Masters of Health Magazine March 2019 | Page 16

During my years of private practise I noticed many repeated correlations between mental attitudes, emotions, bodily signs and responsive symptoms we refer to as illness. There seemed to a consistent mental – physical coding, a connection between the mind and the body. Everything you perceive actually impacts your physiology and your physiology reveals your psychology.

I define illness as the result of an imbalanced perspective and wellness as one of a balanced perspective. Wellness means wholeness. Illness means ‘halfness’. If you perceive you are receiving more support than challenge or more challenge than support, you get illness. If you see a synchronicity of support and challenge simultaneously, you get wellness.

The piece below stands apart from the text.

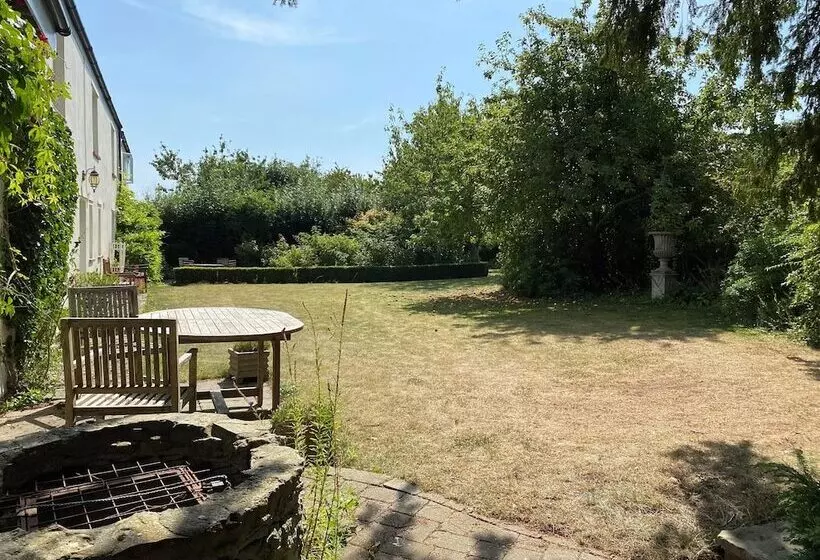 بنسيون Munden House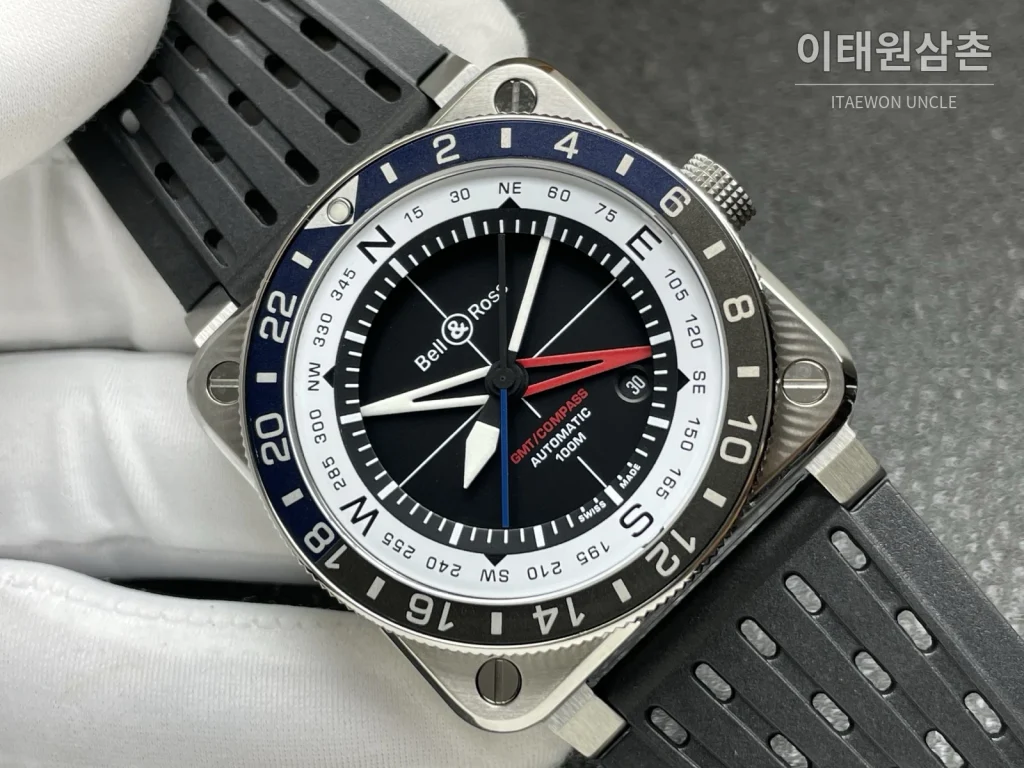 벨앤로스 BR-03 GMT 컴퍼스 스테인리스 GMT 오토매틱 42mm BR0393 블랙 다이얼 블랙 러버 스트랩 네이비 베젤 (2)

Your mind, through its value system, filters your sensory reality and motor actions. Every time you go through life and exaggerate or minimize (lop-side) your thinking you are creating physiology labelled as illness.

Illness creates symptoms as a feedback system to your conscious mind to let you know that you have one or more lopsided perceptions. The second you balance your perceptions, your physiology changes and you return to wellness.

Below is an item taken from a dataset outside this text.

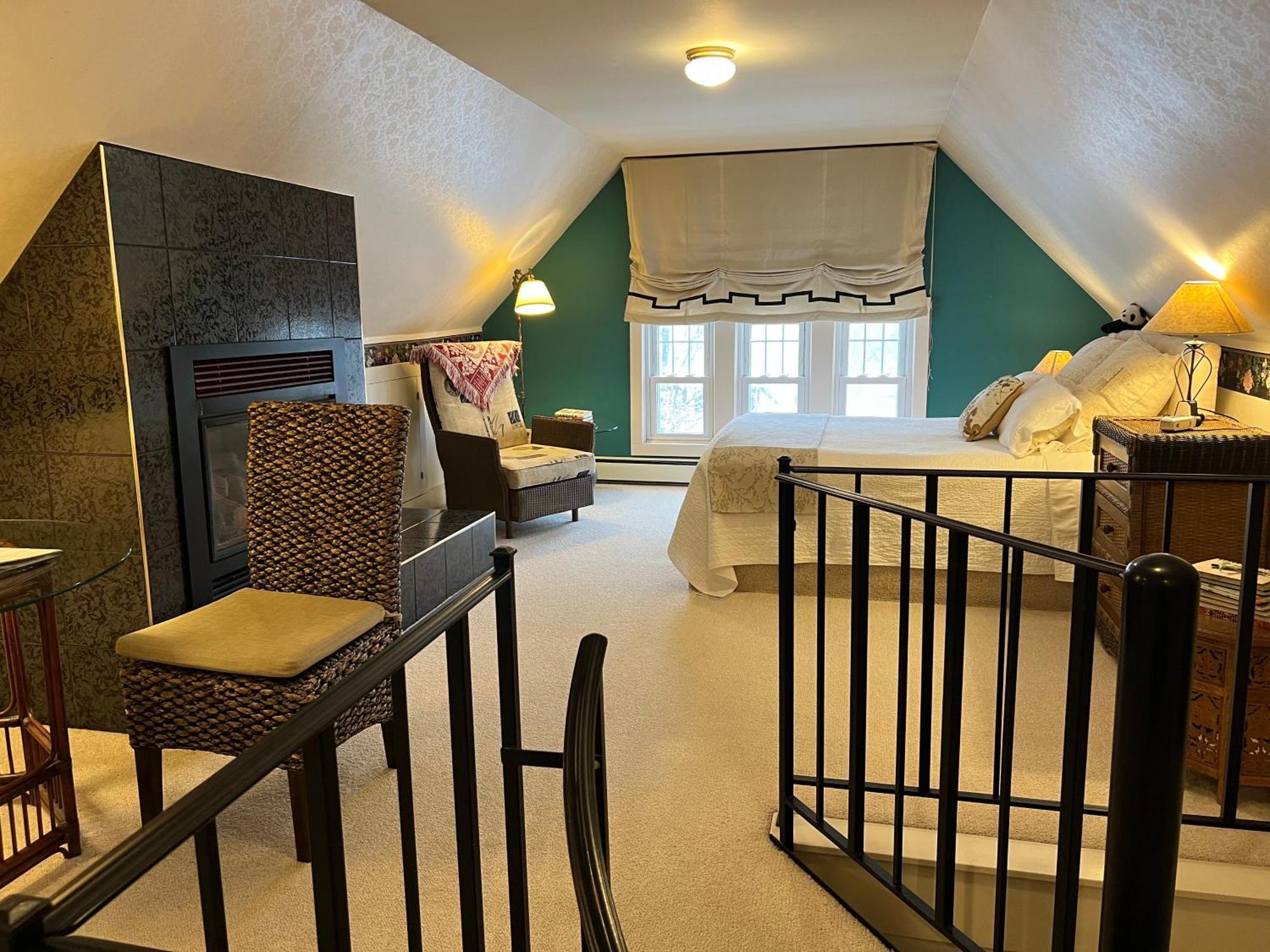 مبيت وإفطار خليج مورو Astor House المظهر الخارجي الصورة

So you can see that your perceptions play a pivotal role in your wellbeing.

When you perceive an event to be supportive of you or your highest values, you will tend to open up to it. When you perceive an event to be challenging to you or your highest values you will tend to close down to it. This has an impact on your metabolism and your physiology. It is then turned on or off accordingly depending on the initial perceptions of support or challenge.

GLUCOSE LEVELS

If you feel depressed and you perceive the world is not supporting you, your metabolic rate will tend to slow down. Your glucose can also go down and you may end up with low blood sugar.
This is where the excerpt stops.